In the entries that follow, find the line containing "2 anvelope vara 235 65 16C Continental 7.6mm"; from there, copy every line exactly through the line containing "法治副校长进校园 携手筑平安(图2) 微信图片_2026-01-26_082903_268.png".

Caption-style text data
--------------------------------------------------

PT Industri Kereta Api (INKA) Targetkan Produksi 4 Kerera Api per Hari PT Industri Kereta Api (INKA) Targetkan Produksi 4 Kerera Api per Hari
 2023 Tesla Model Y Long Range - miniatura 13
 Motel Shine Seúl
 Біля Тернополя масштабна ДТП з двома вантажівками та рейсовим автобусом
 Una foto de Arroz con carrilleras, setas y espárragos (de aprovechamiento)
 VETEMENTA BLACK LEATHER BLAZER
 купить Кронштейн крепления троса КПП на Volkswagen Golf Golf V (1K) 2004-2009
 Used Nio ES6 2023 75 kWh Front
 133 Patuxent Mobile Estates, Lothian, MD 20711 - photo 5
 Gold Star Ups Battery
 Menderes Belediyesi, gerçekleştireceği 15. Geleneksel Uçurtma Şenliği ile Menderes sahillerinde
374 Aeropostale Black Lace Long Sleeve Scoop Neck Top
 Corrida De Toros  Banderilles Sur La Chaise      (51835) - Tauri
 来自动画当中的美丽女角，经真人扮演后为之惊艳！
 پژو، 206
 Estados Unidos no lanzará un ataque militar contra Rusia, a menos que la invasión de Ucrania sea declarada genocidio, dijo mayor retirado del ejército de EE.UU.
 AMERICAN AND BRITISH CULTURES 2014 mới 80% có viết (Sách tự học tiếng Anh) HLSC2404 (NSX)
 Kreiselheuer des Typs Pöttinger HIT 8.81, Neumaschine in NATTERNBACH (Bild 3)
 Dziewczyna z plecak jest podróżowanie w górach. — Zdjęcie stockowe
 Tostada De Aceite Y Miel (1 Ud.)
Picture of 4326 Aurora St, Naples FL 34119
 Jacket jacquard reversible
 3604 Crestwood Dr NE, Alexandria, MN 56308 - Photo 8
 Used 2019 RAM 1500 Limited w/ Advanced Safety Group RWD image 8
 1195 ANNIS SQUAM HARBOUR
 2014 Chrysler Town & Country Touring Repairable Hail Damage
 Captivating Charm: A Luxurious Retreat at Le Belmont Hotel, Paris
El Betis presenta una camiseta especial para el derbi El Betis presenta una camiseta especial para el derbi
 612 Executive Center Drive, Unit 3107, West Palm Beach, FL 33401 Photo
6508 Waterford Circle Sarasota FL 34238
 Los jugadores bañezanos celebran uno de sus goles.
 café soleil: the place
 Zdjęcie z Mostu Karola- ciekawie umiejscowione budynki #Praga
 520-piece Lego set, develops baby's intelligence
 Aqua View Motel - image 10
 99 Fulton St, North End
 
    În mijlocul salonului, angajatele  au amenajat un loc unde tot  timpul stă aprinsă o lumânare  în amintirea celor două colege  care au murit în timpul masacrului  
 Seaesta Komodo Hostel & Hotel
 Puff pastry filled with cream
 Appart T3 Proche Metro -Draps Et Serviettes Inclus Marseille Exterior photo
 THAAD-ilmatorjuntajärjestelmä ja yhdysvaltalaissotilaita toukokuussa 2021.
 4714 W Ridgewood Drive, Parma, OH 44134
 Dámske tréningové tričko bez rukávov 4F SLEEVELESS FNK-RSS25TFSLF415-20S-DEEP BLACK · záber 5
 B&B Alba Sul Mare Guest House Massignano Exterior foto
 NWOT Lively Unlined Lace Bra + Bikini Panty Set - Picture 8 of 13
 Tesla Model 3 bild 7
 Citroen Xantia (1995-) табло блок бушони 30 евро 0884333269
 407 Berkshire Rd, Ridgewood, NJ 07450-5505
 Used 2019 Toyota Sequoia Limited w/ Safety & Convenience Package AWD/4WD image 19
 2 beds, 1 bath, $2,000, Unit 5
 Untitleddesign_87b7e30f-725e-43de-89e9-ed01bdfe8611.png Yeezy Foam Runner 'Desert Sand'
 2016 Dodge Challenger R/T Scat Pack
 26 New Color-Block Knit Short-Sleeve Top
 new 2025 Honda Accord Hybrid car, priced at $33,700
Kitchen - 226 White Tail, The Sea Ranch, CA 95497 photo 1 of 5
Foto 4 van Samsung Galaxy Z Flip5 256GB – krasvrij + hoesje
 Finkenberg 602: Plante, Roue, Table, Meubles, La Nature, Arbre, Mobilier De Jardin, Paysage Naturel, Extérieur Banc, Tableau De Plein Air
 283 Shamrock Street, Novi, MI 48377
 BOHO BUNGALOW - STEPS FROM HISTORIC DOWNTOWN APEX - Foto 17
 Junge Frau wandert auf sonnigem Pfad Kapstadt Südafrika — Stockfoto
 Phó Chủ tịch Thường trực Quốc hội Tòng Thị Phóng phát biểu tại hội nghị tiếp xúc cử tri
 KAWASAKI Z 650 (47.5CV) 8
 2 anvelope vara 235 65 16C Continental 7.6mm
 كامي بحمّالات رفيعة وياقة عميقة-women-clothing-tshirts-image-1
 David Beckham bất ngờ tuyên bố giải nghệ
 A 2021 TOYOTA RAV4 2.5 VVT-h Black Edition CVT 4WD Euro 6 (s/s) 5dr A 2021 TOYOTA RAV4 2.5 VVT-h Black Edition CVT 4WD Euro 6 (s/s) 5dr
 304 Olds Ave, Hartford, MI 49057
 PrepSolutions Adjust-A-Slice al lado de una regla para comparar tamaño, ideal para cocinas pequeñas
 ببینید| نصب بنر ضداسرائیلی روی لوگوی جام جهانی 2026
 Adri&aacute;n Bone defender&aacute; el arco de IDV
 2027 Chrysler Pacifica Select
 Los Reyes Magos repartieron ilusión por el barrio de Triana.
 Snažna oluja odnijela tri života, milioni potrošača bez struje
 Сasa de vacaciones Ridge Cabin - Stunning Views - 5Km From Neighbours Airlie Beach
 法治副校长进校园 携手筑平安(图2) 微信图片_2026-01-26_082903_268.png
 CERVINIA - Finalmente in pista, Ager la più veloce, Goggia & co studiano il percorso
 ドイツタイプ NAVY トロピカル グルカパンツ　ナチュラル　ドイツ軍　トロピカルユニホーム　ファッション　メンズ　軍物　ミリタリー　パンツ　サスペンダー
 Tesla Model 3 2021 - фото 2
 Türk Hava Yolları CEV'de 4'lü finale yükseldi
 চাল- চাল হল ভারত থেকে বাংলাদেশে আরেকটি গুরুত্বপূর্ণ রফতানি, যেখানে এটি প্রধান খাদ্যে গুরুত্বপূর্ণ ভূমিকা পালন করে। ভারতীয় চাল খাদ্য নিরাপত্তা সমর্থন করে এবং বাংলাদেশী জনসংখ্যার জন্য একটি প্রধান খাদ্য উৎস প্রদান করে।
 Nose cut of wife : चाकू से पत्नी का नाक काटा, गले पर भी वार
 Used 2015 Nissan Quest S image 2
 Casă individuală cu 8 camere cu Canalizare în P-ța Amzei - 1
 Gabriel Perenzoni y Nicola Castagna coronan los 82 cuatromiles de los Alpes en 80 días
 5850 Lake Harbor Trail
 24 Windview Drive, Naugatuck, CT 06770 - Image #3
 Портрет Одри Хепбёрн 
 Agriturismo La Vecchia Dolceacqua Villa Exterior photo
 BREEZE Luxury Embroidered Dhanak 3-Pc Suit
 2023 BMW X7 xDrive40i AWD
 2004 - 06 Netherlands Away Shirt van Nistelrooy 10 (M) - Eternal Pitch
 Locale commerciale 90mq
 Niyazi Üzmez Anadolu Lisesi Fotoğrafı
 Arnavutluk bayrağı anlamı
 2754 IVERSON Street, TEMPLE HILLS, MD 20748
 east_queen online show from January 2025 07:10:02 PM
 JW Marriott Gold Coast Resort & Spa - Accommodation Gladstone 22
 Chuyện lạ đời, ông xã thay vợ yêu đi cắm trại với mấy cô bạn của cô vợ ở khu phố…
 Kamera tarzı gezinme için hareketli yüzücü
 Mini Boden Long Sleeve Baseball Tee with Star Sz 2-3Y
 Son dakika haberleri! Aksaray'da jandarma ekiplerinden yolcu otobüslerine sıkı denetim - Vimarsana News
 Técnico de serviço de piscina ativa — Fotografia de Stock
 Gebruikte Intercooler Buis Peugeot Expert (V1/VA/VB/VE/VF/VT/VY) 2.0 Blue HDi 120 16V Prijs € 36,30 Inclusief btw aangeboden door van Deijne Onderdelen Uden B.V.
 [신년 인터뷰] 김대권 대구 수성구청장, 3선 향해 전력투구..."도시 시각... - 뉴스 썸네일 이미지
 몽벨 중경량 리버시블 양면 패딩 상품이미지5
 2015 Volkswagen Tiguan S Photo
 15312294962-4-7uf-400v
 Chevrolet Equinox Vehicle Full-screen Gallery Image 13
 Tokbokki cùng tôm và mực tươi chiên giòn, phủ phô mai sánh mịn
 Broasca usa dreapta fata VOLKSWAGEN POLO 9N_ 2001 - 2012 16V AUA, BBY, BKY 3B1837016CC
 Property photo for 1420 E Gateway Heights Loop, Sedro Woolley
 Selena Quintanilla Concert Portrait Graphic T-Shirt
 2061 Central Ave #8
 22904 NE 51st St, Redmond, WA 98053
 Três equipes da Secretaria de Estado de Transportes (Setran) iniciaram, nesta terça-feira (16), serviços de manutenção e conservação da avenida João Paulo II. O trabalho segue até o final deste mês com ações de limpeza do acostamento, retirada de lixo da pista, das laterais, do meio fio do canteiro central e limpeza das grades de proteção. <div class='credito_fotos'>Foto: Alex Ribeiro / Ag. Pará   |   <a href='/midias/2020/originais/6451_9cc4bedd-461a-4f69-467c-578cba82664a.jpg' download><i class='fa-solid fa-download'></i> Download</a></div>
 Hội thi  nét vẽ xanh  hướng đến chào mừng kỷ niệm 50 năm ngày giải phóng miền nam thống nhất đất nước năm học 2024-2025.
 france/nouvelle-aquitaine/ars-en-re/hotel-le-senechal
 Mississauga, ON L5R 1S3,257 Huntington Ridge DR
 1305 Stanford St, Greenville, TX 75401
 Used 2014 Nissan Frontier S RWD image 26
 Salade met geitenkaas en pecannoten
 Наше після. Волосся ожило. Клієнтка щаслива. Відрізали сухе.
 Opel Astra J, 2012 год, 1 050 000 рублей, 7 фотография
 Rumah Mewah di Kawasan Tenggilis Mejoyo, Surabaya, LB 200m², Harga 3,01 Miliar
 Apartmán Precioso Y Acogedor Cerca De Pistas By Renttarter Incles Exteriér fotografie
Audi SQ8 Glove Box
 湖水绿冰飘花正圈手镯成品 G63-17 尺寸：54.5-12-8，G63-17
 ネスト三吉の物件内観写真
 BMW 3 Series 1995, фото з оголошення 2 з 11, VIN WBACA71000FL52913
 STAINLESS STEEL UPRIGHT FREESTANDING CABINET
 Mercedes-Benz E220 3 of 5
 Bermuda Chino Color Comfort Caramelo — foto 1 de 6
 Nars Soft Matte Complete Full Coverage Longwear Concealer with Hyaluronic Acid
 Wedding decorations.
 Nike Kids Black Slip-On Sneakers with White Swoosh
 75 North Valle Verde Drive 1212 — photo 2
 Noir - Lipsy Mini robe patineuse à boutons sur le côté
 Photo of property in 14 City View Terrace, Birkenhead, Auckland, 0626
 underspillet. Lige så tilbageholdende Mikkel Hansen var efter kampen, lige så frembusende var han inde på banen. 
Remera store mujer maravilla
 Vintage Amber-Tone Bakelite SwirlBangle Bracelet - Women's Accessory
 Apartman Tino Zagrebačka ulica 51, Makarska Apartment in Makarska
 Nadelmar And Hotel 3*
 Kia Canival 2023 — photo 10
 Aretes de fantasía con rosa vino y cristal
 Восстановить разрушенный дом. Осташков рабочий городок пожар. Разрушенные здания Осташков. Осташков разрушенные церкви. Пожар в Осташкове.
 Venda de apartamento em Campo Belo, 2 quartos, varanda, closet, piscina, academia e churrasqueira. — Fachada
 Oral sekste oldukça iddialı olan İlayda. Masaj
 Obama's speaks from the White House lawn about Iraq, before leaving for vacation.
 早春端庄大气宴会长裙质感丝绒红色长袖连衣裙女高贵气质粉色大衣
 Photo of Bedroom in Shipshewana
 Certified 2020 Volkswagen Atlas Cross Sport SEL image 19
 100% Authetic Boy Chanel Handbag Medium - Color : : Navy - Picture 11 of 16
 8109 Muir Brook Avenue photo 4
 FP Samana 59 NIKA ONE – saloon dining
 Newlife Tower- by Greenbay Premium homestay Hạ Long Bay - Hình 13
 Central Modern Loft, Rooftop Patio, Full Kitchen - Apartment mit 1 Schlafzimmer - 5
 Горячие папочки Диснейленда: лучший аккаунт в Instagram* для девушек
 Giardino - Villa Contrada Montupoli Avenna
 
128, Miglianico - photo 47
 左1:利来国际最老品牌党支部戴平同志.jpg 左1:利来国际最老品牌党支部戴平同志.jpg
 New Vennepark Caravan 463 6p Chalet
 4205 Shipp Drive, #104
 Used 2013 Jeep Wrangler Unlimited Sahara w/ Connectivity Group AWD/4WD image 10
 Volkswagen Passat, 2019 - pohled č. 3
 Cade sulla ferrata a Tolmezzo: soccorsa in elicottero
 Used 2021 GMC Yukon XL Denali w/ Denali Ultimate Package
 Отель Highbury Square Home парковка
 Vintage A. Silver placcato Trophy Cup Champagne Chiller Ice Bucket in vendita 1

--------------------------------------------------

» **Your solution**:
 2 anvelope vara 235 65 16C Continental 7.6mm
 كامي بحمّالات رفيعة وياقة عميقة-women-clothing-tshirts-image-1
 David Beckham bất ngờ tuyên bố giải nghệ
 A 2021 TOYOTA RAV4 2.5 VVT-h Black Edition CVT 4WD Euro 6 (s/s) 5dr A 2021 TOYOTA RAV4 2.5 VVT-h Black Edition CVT 4WD Euro 6 (s/s) 5dr
 304 Olds Ave, Hartford, MI 49057
 PrepSolutions Adjust-A-Slice al lado de una regla para comparar tamaño, ideal para cocinas pequeñas
 ببینید| نصب بنر ضداسرائیلی روی لوگوی جام جهانی 2026
 Adri&aacute;n Bone defender&aacute; el arco de IDV
 2027 Chrysler Pacifica Select
 Los Reyes Magos repartieron ilusión por el barrio de Triana.
 Snažna oluja odnijela tri života, milioni potrošača bez struje
 Сasa de vacaciones Ridge Cabin - Stunning Views - 5Km From Neighbours Airlie Beach
 法治副校长进校园 携手筑平安(图2) 微信图片_2026-01-26_082903_268.png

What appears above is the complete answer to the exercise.